The file “pyenv.tar.gz” is the packed environment to be used later in Triton. Then we need to copy the file to both python models:

cp pyenv.tar.gz models/preprocess
cp pyenv.tar.gz models/postprocess

After having the environment ready, we need to tell Triton to use that environment for the models by setting the “EXECUTION_ENV_PATH” parameter in the config files, it should be already specified in the provided configs. More detailed instructions can be found in the python backend repo.

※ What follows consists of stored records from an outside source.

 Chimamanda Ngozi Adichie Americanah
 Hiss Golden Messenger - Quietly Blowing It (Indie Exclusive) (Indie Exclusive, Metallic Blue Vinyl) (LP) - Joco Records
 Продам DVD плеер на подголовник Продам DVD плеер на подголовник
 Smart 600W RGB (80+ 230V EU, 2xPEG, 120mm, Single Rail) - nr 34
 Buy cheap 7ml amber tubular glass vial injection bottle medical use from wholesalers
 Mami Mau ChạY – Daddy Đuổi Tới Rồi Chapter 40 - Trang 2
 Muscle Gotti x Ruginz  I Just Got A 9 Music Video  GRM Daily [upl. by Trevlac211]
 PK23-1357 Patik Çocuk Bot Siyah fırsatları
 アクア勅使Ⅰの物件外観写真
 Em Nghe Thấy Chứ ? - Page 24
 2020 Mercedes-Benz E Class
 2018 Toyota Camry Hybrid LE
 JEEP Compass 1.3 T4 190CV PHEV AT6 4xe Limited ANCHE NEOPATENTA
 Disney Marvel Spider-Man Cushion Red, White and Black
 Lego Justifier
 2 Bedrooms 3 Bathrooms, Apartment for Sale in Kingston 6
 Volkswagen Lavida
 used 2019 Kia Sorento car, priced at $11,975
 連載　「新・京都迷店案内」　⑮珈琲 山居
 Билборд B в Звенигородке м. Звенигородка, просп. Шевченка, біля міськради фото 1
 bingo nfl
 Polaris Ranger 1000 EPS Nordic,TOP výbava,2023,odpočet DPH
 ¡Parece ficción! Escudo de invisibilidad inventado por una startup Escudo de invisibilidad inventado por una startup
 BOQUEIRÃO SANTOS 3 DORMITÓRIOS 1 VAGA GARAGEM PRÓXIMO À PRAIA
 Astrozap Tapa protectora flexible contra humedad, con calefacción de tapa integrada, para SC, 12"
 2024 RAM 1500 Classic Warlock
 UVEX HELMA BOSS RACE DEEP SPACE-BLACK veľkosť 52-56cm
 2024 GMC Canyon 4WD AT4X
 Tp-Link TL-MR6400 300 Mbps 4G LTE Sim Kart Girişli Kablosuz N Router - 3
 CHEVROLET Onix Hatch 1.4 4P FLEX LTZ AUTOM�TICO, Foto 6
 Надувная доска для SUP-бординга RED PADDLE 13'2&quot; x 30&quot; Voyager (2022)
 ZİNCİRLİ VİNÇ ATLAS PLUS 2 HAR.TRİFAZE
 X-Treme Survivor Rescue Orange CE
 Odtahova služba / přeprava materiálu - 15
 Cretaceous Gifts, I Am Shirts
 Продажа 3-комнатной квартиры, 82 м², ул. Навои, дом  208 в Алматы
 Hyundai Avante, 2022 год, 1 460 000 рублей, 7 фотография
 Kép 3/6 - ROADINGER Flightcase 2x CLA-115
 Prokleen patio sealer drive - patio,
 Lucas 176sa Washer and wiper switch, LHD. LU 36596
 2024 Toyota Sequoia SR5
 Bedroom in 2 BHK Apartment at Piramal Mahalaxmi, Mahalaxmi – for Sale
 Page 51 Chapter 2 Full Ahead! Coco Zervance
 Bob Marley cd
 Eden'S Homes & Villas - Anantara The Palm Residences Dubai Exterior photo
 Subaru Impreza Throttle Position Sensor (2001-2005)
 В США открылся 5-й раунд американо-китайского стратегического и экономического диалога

We already have all individual models set up, now we need to connect the models to make them a pipeline. Basically, a pipeline is a collection of steps where outputs of this step are inputs of the next step. Depending on the use cases, inference pipelines might contain different steps but preprocessing, model inference, and postprocessing are basic steps in most of the pipelines. The following workflow illustrates how it works:

To connect the models, we need to create an ensemble model, for which we define the pipeline and the connection between the models’ inputs and outputs. Run:

# The version folder is empty as the ensemble model has no code or artifact
mkdir -p models/infer_pipeline/1
touch models/infer_pipeline/config.pbtxt

The config for the ensemble model can be found here. The ensemble model starts with the definition of the pipeline’s inputs and outputs. Then a set of steps must be defined. For each step, we must specify mappings between the model’s inputs and outputs, this allows the pipeline to chain multiple models together. Once it’s ready, start the Triton server with the following command or this script:

docker run --gpus=1 --rm -p8000:8000 -p8001:8001 -p8002:8002 --shm-size=1gb \
    -v <full-path-to-model-repository>:/models \
    nvcr.io/nvidia/tritonserver:22.07-py3 tritonserver --model-repository=/models

To test the pipeline, we’ll use this client_pipeline script to send requests to the server. Run:

python client_pipeline.py --model infer_pipeline --image 000000100008.jpg --print-output

This is only a simple use case for Ensemble Models with Triton. you can extend the workflow and include more steps in your pipeline if needed. For example, model monitoring is very important in most ML applications but is often overlooked. It keeps track of stats for the predictions, detects if there’s any anomaly occurring, or collects data having high chance of being problematic. We can extend the workflow to support monitoring by having a decouple model monitoring as in the following workflow:

Conclusion

Getting a trained model to production is not straightforward as inference processes are usually very complex in real-world ML problems. In this post, we used Triton to deploy an inference pipeline consisting a MaskRCNN model from Detectron2, preprocessing, and postprocessing. Although it’s a simple use case, we can extent it to build more complicated systems using Ensemble Models as showed in the last section.